How You Can Bypass The 20% Withholding Tax On 401K Distributions Using Your IRA
You’re probably already aware of the countless ways the IRS tries to get your money. Here in the land of the free and the IRS, we all are. Let’s talk about how you can give them less and pocket more using your IRA.
- Distributions from a 401k to you, the owner, are subject to a 20% withholding tax
- Meanwhile, distributions from an IRA are not subject to a withholding tax.
As a result, any money distributed from your 401k to you will be reduced by 20% and that 20% will be sent to the IRS in expectation of the taxes that will be due from you come time for distribution.
However, any money distributed from an IRA is not subject to the 20% withholding as you can opt out of withholding. This legit loop hole is just one of the advantages of using an IRA in retirement instead of a 401k. What this means is the money distributed from an IRA can be received by you in full.
Remember, the tax owed on a distribution from an IRA or 401k is identical. The difference between the two is when you are required to pay the IRS. Regardless of which you use, you will receive a 1099-R from your custodian/administrator. But in the 401k distribution you are required to set aside and effectively pre pay the taxes owed.
A Hypothetical Scenario
Okay so, what is the use of information if you never learn how to apply it. (College anyone?) Let’s walk though a common situation to illustrate the above information you just learned.
John is 65 years old and has successfully grown his 401k to a nice amount. He’s decided to retire (finally) and enjoy his life the way it was meant to be, on a beach somewhere. He wants to take $500,000 from his 401k. He contacts his 401k administrator and is told that on a $500,000 distribution they will send him $400,000 and that $100,000 will have to be sent to the IRS for him to cover the 20% withholding requirement.
But wait. John just read this article, he knows that the 20% withholding requirement does not apply to IRAs.
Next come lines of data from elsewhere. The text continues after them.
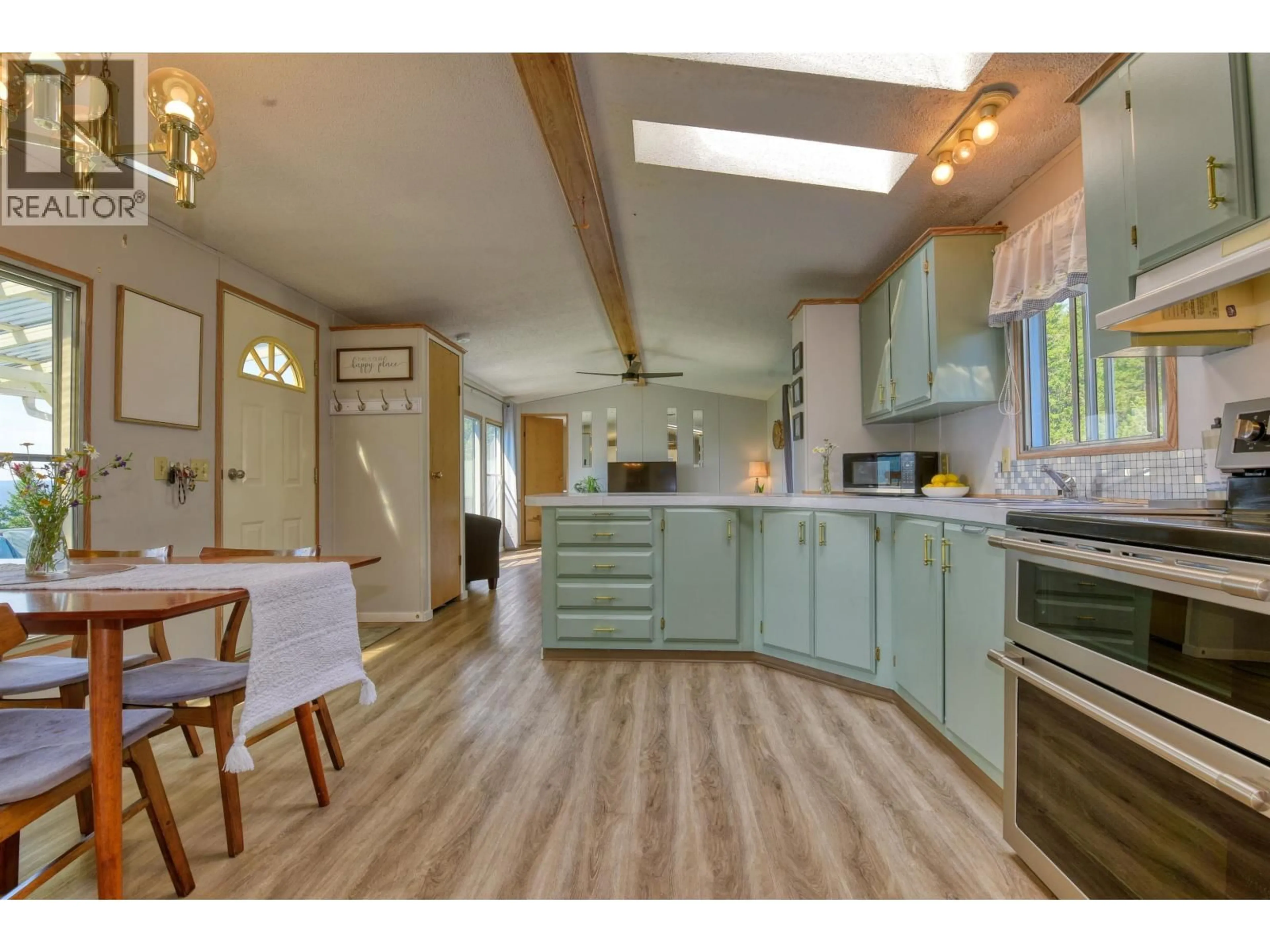 Open concept kitchen, unknown for 1999 ABLITT ROAD, Williams Lake British Columbia V2G5C7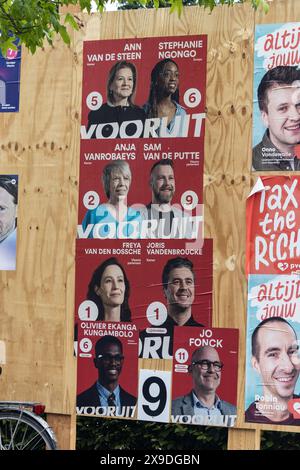 AALST, BELGIEN, 30. MAI 2024: Politische Plakate für die linksliberale Partei Vooruit. Es ist die flämische sozialdemokratische Partei in Belgien. Parlamentarisch Stockfoto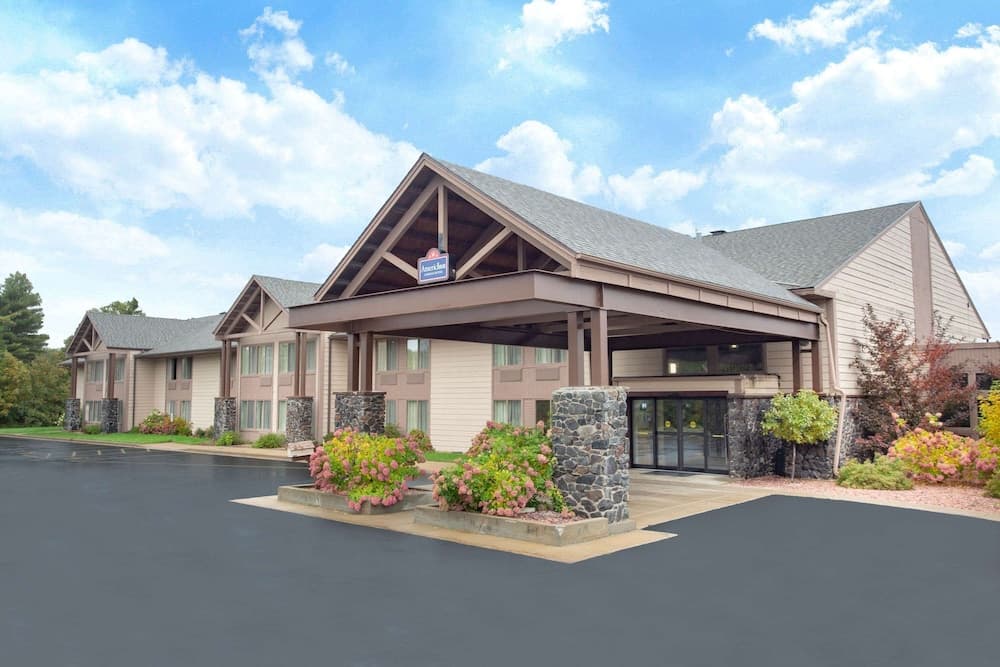AmericInn by Wyndham Black River Falls I-94 on ATV Trail — hotel in River Falls, Wisconsin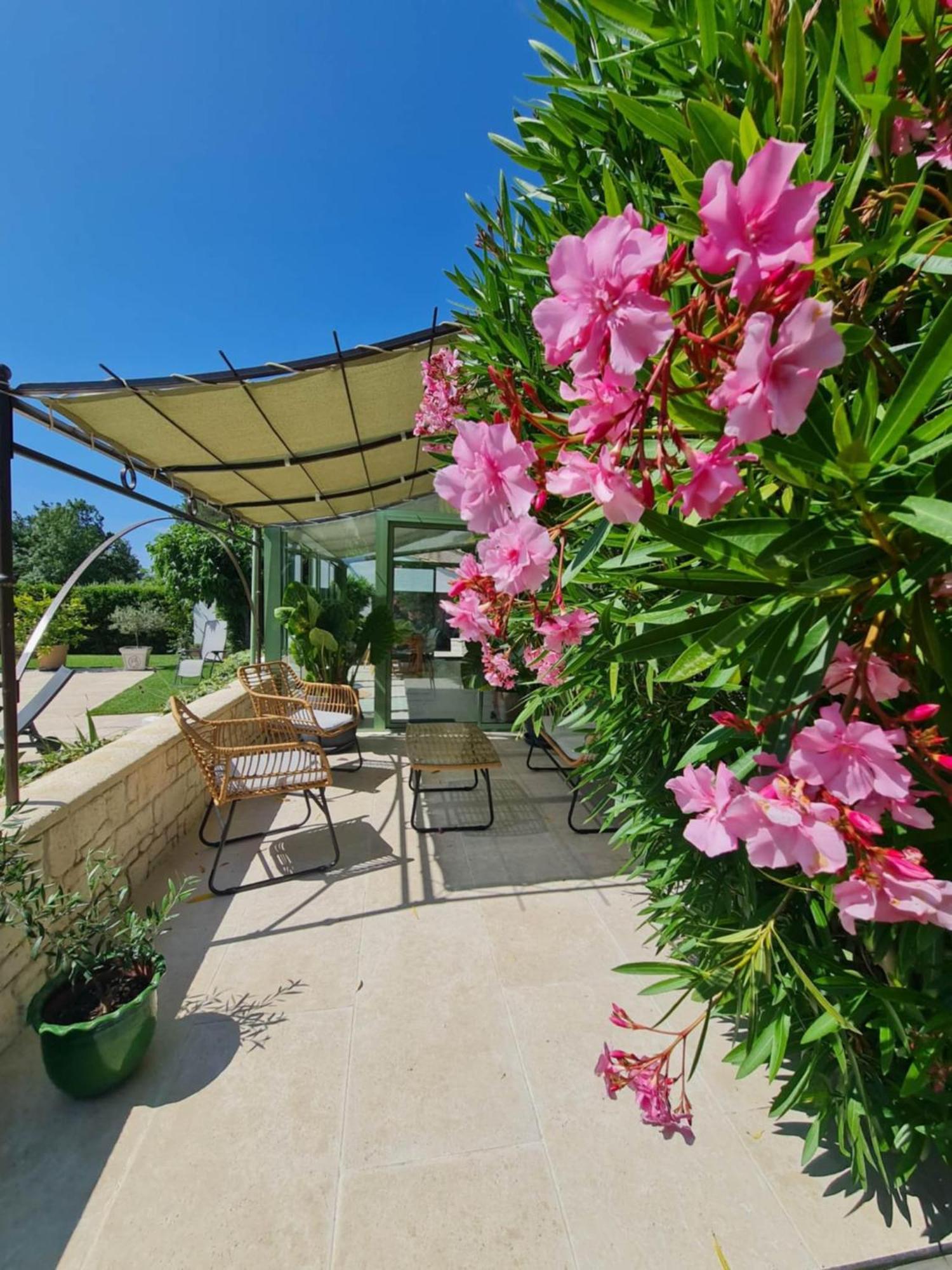 Maison Villa Pierrevert Dış mekan fotoğraf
John decides to roll over/transfer the $500,000 from his 401k directly to an IRA.
Once the funds arrive at his IRA, John takes the $500,000 distribution from the IRA. There is no 20% withholding tax so he actually receives $500,000 in total. John will still owe taxes on the $500,000 distribution from the IRA and he will receive a 1099-R to include on his tax return.
All in all, John has given himself the ability to access all of the money distributed for his retirement account without the need for sending money to the IRS at the time of distribution.
There you have it folks. Don’t take distributions from a 401k and then voluntarily donate money to the IRS when you can roll over/transfer those 401k funds to an IRA and receive all of your money without a 20% withholding.